L’œuf de serpent
L’image de l’œuf originel est présente dans plusieurs traditions d’origine indo-européenne.
Dans l’Antiquité, les Orphistes (dont j’ai déjà parlé dans le blog, voir à ce sujet Un rite plurimillénaire) contestent et refusent les règles politico-religieuses de la cité grecque. Les récits de tradition orphique, dont on a trouvé des extraits sur des fragments de tablettes en os à Obia sur les bords de la mer Noire, placent à l’origine une puissance primordiale, le Temps ou la Nuit. De ces dernières vont sortir un œuf qui donnera à son tour naissance à Eros (le dieu de l’amour mais aussi le désir amoureux).
On peut imaginer que cette croyance soit un artefact de la mythologie pélasge, antérieure aux grecs, et dont le mythe rappelle sans équivoque celui des Orphistes. En effet, la grande déesse primordiale, Eurynomé créa l’Océan sur lequel elle se mit à danser. Puis à l’aide de la force du Vent du Nord (divinité) elle façonna un serpent nommé Ophion. Elle s’unit à lui puis se transforma en colombe. Elle couva alors sur les vagues l’œuf qu’elle avait pondu. Ophion s’enroula sept fois autour de cet œuf qui, en se brisant, donna naissance à tout ce qui existe.

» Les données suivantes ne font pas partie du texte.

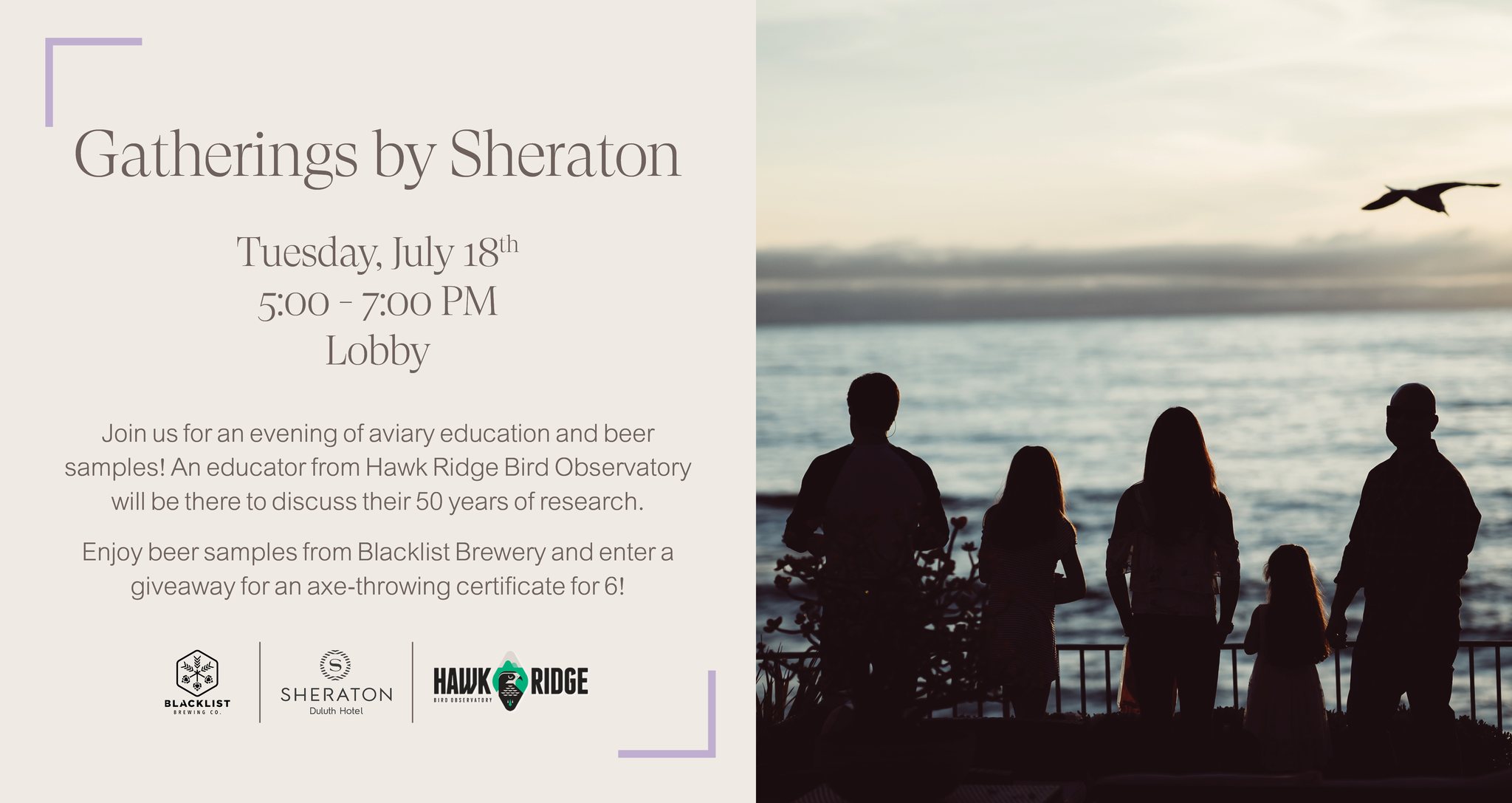 Gatherings by Sheraton - Beers & Birds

De la même façon on trouve chez les peuples celtes une cosmogonie parallèle que les druides perpétuent à travers des rites. Pline l’Ancien témoigne de ses observations : « Il est une espèce d’œuf, oubliée par les Grecs, mais en grand renom dans les Gaules : en été, des serpents innombrables se rassemblent, enlacés et collés les uns aux autres par la bave et l’écume de leur corps ; cela s’appelle œuf de serpent. Les druides disent que cet œuf est projeté en l’air par les sifflements des reptiles et qu’il faut le recevoir dans une saie avant qu’il touche la terre. J’ai vu cet œuf : il est de la grosseur d’une pomme ronde moyenne et la coque en est cartilagineuse, avec de nombreuses cupules, comme celles des bras des poulpes. Il est célèbre chez les druides. On en loue l’effet merveilleux pour le gain des procès et l’accès auprès des rois… »
En Inde, de vieux textes en sanskrit évoquent un « cosmos en forme d’œuf ». L’étymologie du mot signifiant l’origine du cosmos (Brahmanda) peut se décomposer en deux termes sanskrits « Brahman » qui veut dire cosmos et « Anda » qui veut dire œuf.
L’image de l’œuf dans les traditions indo-européennes représente donc un archétype de la cosmogonie. Il se trouve à l’origine de la création de l’univers et dans les récits perpétuant le mythe fondateur du cosmos. Devenu symbole, il alimente les vieux mythes et les croyances populaires.